Detect and track objects

Visualize object detection and segmentation using the Huggingface's Transformers and CSRT from OpenCV.

Used Rerun types used-rerun-types

Image, AssetVideo, VideoFrameReference, SegmentationImage, AnnotationContext, Boxes2D, TextLog

Background background

In this example, CSRT (Channel and Spatial Reliability Tracker), a tracking API introduced in OpenCV, is employed for object detection and tracking across frames. Additionally, the example showcases basic object detection and segmentation on a video using the Huggingface transformers library.

Logging and visualizing with Rerun logging-and-visualizing-with-rerun

The visualizations in this example were created with the following Rerun code.

Timelines timelines

For each processed video frame, all data sent to Rerun is associated with the timelines frame_idx.

rr.set_time("frame", sequence=frame_idx)

Video video

The input video is logged as a static AssetVideo to the video entity.

video_asset = rr.AssetVideo(path=video_path)
frame_timestamps_ns = video_asset.read_frame_timestamps_nanos()

rr.log("video", video_asset, static=True)

Each frame is processed and the timestamp is logged to the frame timeline using a VideoFrameReference.

rr.log(
    "video",
    rr.VideoFrameReference(nanoseconds=frame_timestamps_ns[frame_idx])
)

Since the detection and segmentation model operates on smaller images the resized images are logged to the separate segmentation/rgb_scaled entity. This allows us to subsequently visualize the segmentation mask on top of the video.

rr.log(
    "segmentation/rgb_scaled",
    rr.Image(rgb_scaled).compress(jpeg_quality=85)
)

Segmentations segmentations

The segmentation results is logged through a combination of two archetypes. The segmentation image itself is logged as an SegmentationImage and contains the id for each pixel. It is logged to the segmentation entity.

rr.log(
    "segmentation",
    rr.SegmentationImage(mask)
)

The color and label for each class is determined by the AnnotationContext which is logged to the root entity using rr.log("/", …, static=True) as it should apply to the whole sequence and all entities that have a class id.

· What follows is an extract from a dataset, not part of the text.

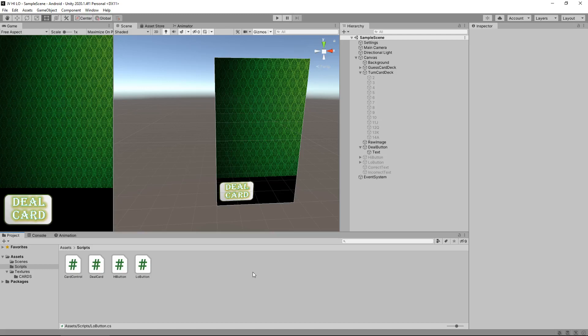Hello there, I'm Jimmy Vegas and this is how to create a simple high-low game for PC and mobile in Unity, and welcome to episode 7.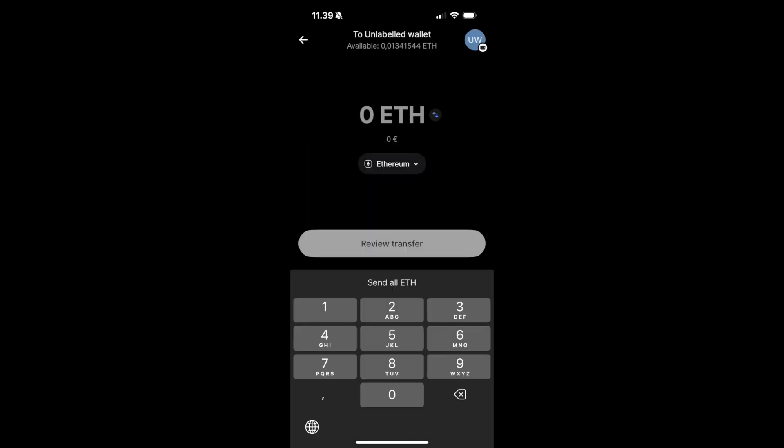Once you've entered your Crypto.com wallet address, you will need to select how much cryptocurrency you would like to send. In my case, I'm going to write 0.0001. Once you've entered the amount, click on Review Transfer.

class_descriptions = [ rr.AnnotationInfo(id=cat["id"], color=cat["color"], label=cat["name"]) for cat in coco_categories ]
rr.log(
     "/",
     rr.AnnotationContext(class_descriptions),
     static=True
)

Detections detections

The detections and tracked bounding boxes are visualized by logging the Boxes2D to Rerun.

Detections

rr.log(
    "segmentation/detections/things",
    rr.Boxes2D(
        array=thing_boxes,
        array_format=rr.Box2DFormat.XYXY,
        class_ids=thing_class_ids,
    ),
)

rr.log(
    f"image/tracked/{self.tracking_id}",
    rr.Boxes2D(
        array=self.tracked.bbox_xywh,
        array_format=rr.Box2DFormat.XYWH,
        class_ids=self.tracked.class_id,
    ),
)

Tracked bounding boxes

rr.log(
    "segmentation/detections/background",
    rr.Boxes2D(
        array=background_boxes,
        array_format=rr.Box2DFormat.XYXY,
        class_ids=background_class_ids,
    ),
)

The color and label of the bounding boxes is determined by their class id, relying on the same AnnotationContext as the segmentation images. This ensures that a bounding box and a segmentation image with the same class id will also have the same color.

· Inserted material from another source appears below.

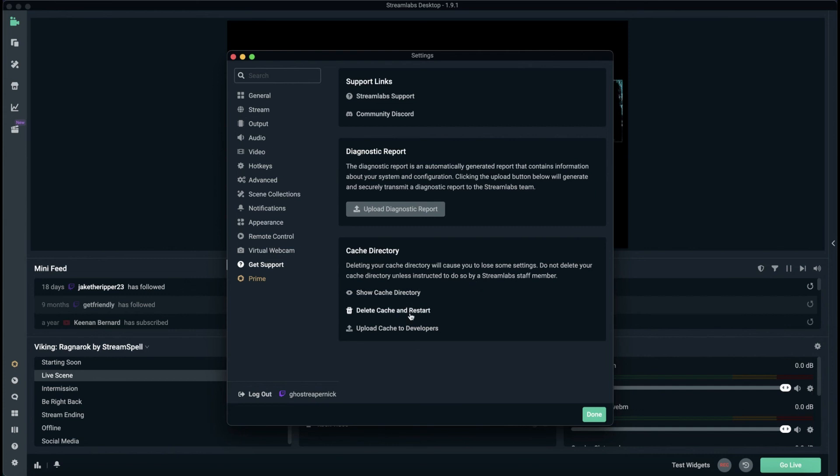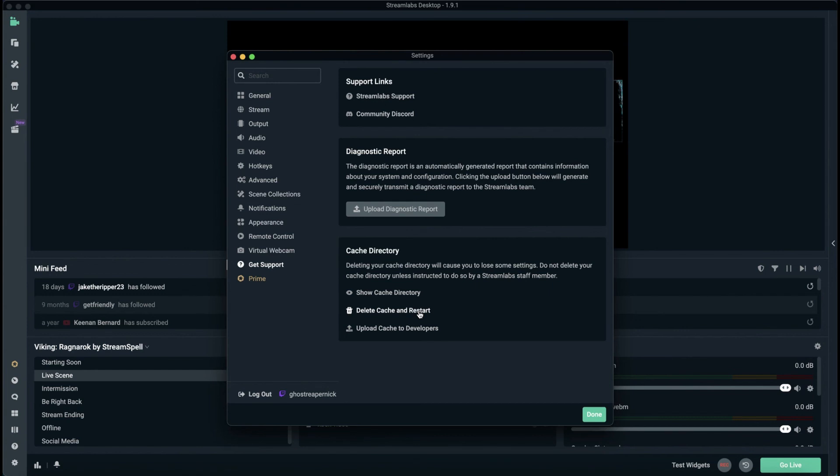Down here you have the option to delete the cache and restart your Streamlabs. As you can see here, it says deleting your cache will cause you to lose some settings. So we're going to go ahead and delete this cache and restart our Streamlabs.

Note that it is also possible to log multiple annotation contexts should different colors and / or labels be desired. The annotation context is resolved by seeking up the entity hierarchy.

Text log text-log

Rerun integrates with the Python logging module. Through the TextLog text at different importance level can be logged. After an initial setup that is described on the TextLog, statements such as logging.info("…"), logging.debug("…"), etc. will show up in the Rerun viewer.

def setup_logging() -> None:
    logger = logging.getLogger()
    rerun_handler = rr.LoggingHandler("logs")
    rerun_handler.setLevel(-1)
    logger.addHandler(rerun_handler)

def main() -> None:
    # … existing code …
    setup_logging() # setup logging
    track_objects(video_path, max_frame_count=args.max_frame) # start tracking

In the Viewer you can adjust the filter level and look at the messages time-synchronized with respect to other logged data.

Run the code run-the-code

To run this example, make sure you have the Rerun repository checked out and the latest SDK installed:

pip install --upgrade rerun-sdk  # install the latest Rerun SDK
git clone git@github.com:rerun-io/rerun.git  # Clone the repository
cd rerun
git checkout latest  # Check out the commit matching the latest SDK release

Install the necessary libraries specified in the requirements file:

pip install -e examples/python/detect_and_track_objects

To experiment with the provided example, simply execute the main Python script:

python -m detect_and_track_objects # run the example

If you wish to customize it for various videos, adjust the maximum frames, explore additional features, or save it use the CLI with the --help option for guidance:

python -m detect_and_track_objects --help